- [Task description] Restate the listing below word for word, and leave its pictures behind.
======== Supplied data ========
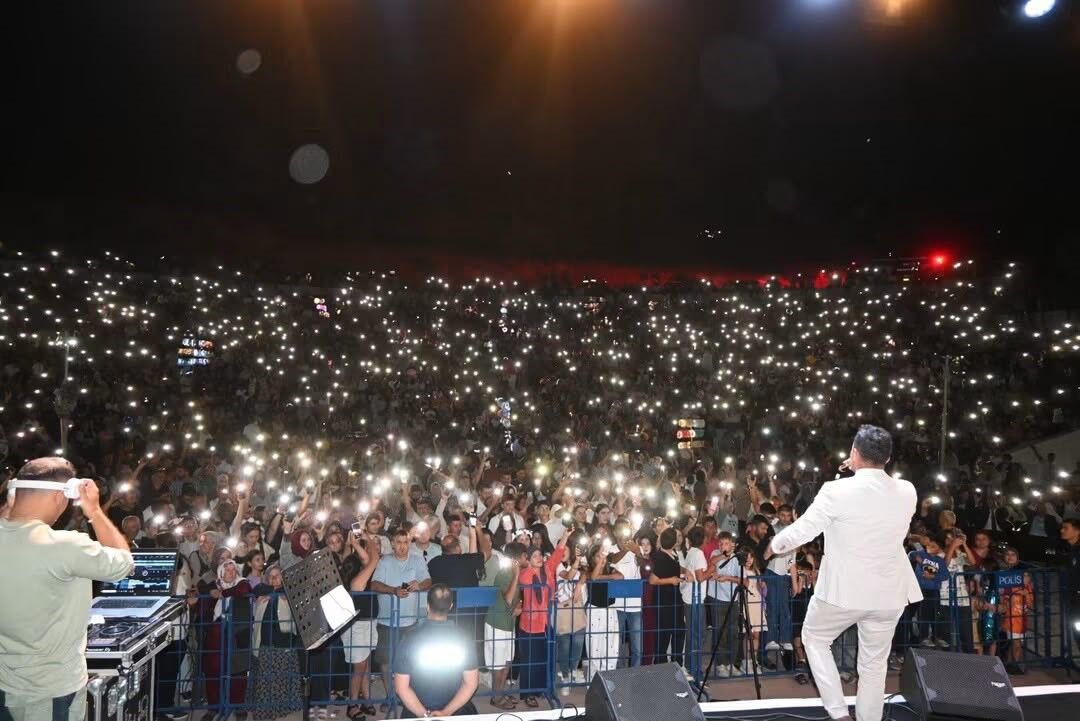 Afyon’da geleneksel Vişne ve Eber Sarısı Festivali başladı: Eğlenceli yarışmalardan eğitici programlara…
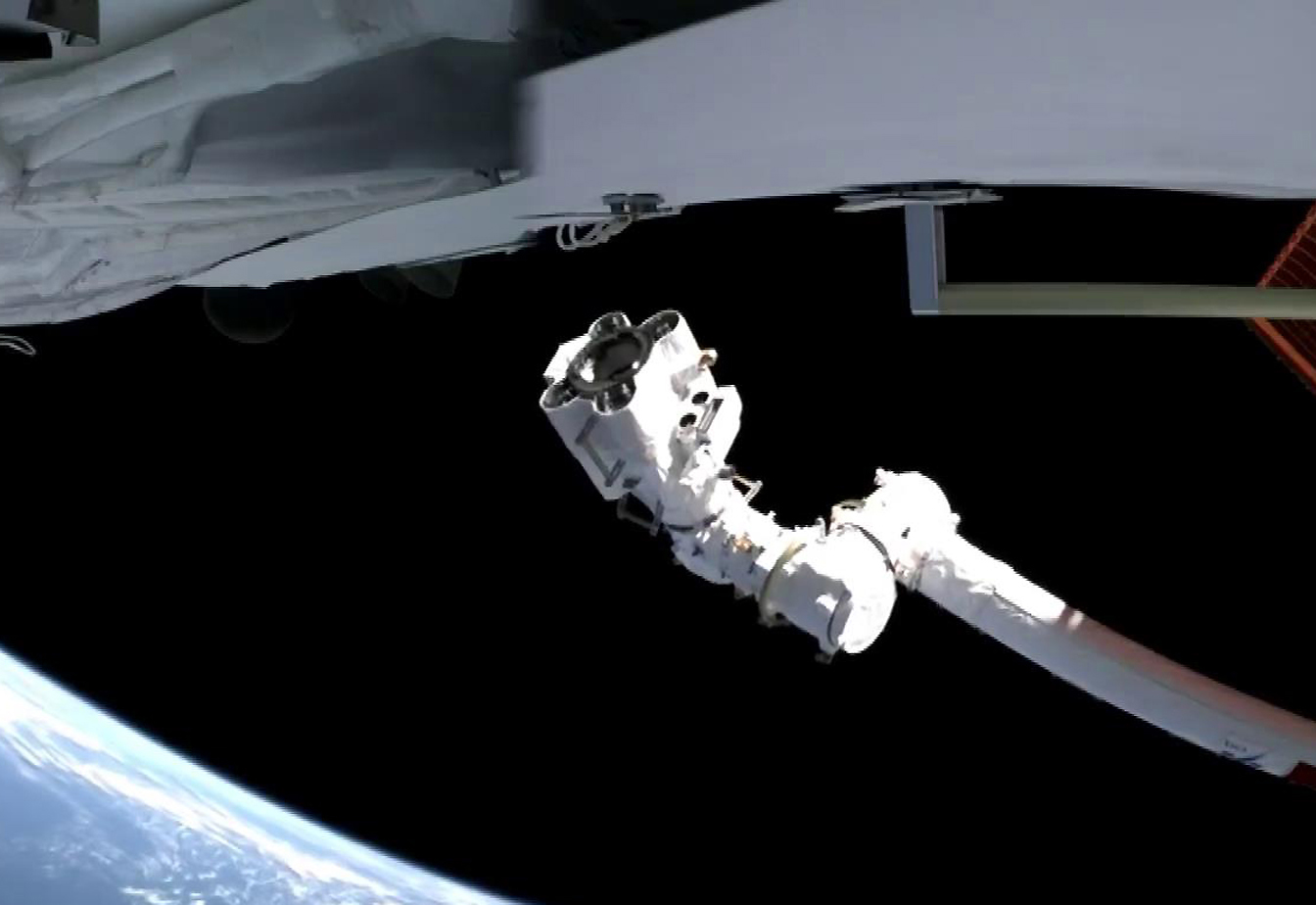 ���칬�ռ�վ֮����һ���ٶּ��ռ�վ���࣬���߶ԱȻ������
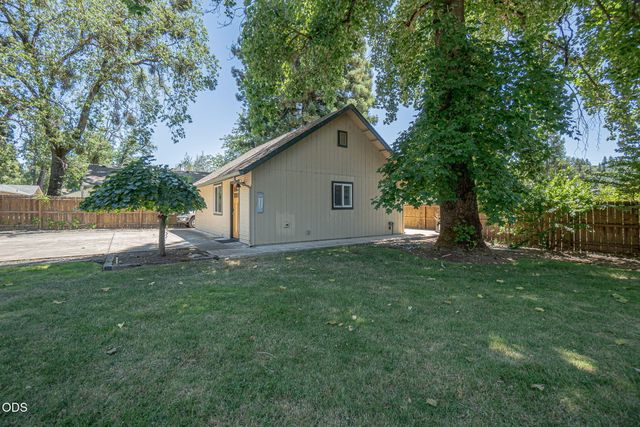 289 E Park Street, Grants Pass, OR 97527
========
- [Solved problem]
 Afyon’da geleneksel Vişne ve Eber Sarısı Festivali başladı: Eğlenceli yarışmalardan eğitici programlara…
 ���칬�ռ�վ֮����һ���ٶּ��ռ�վ���࣬���߶ԱȻ������
 289 E Park Street, Grants Pass, OR 97527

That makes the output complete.